## COLLECTED MATERIAL
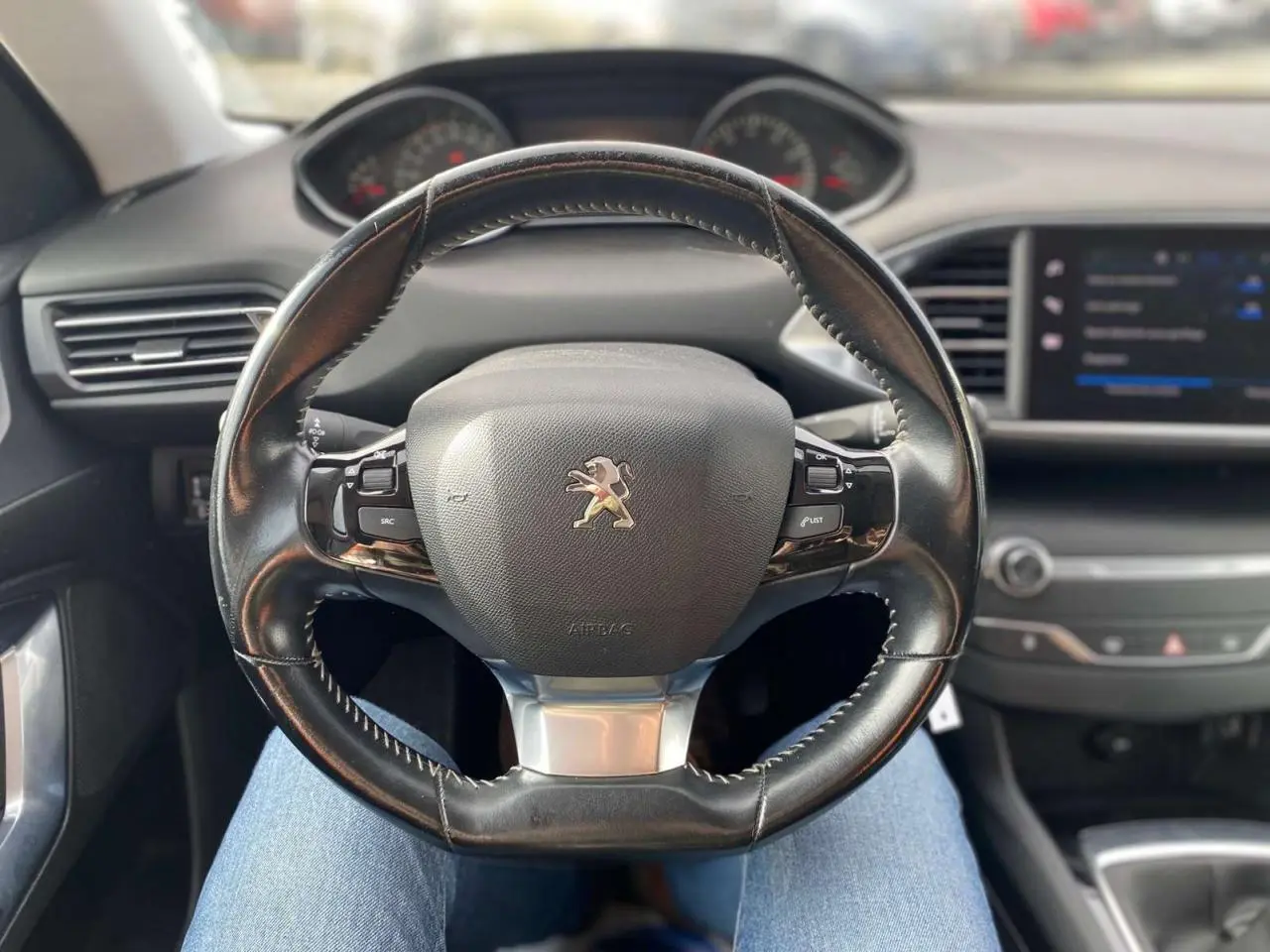 Volant en cuir noir avec logo Peugeot au centre, tableau de bord et écran tactile de la 308 style 2018 visible en arrière-plan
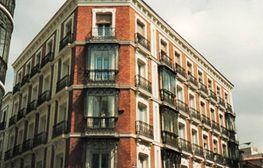 Un gran edificio de ladrillo con muchas ventanas y balcones.
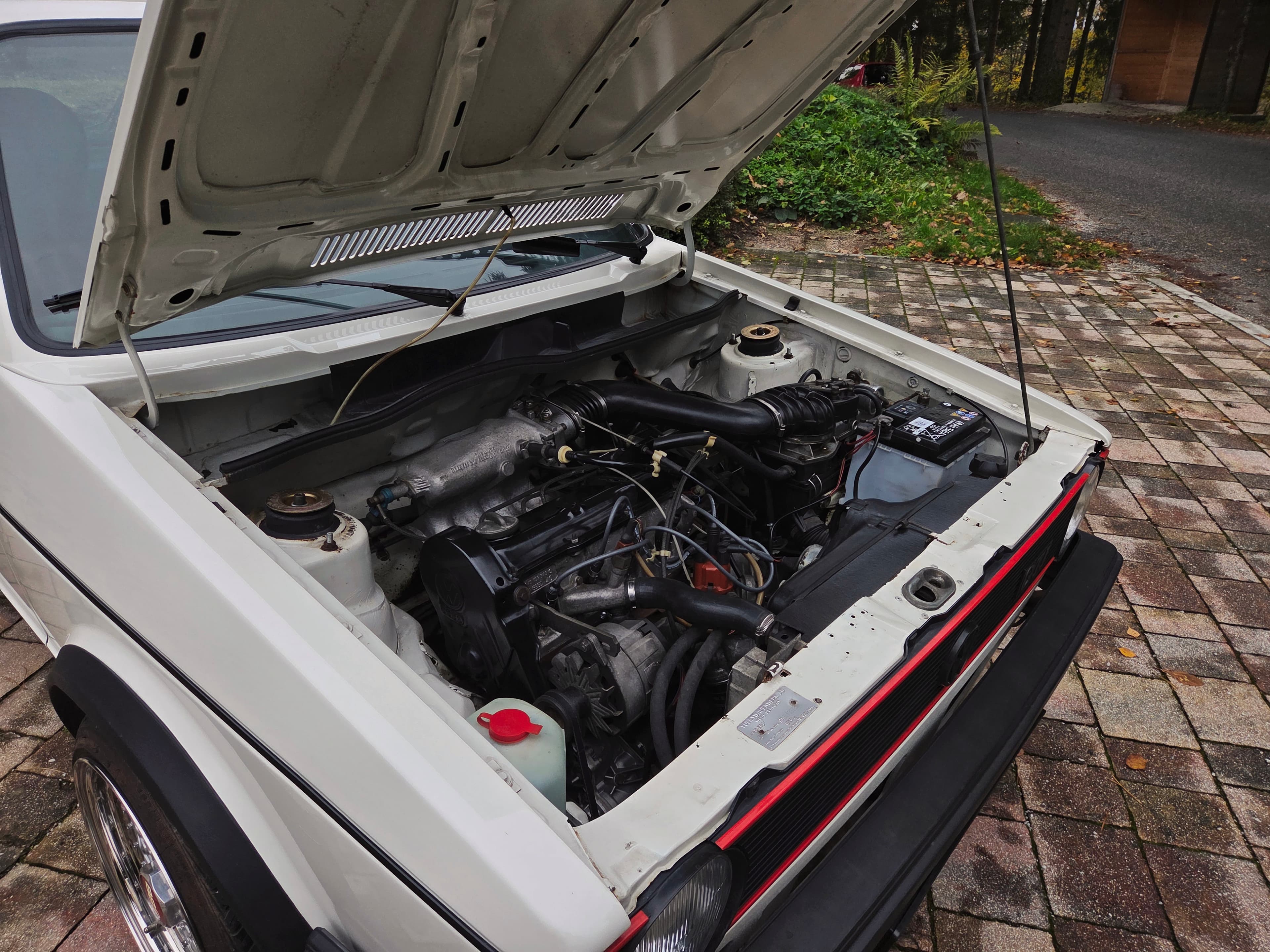 Classic VW Golf 1 GTI in Alpine White with sport wheels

## WHAT YOU NEED TO DO
Every line of the data above is to be set down word for word, with the pictures left out.

## ANSWER SECTION
 Volant en cuir noir avec logo Peugeot au centre, tableau de bord et écran tactile de la 308 style 2018 visible en arrière-plan
 Un gran edificio de ladrillo con muchas ventanas y balcones.
 Classic VW Golf 1 GTI in Alpine White with sport wheels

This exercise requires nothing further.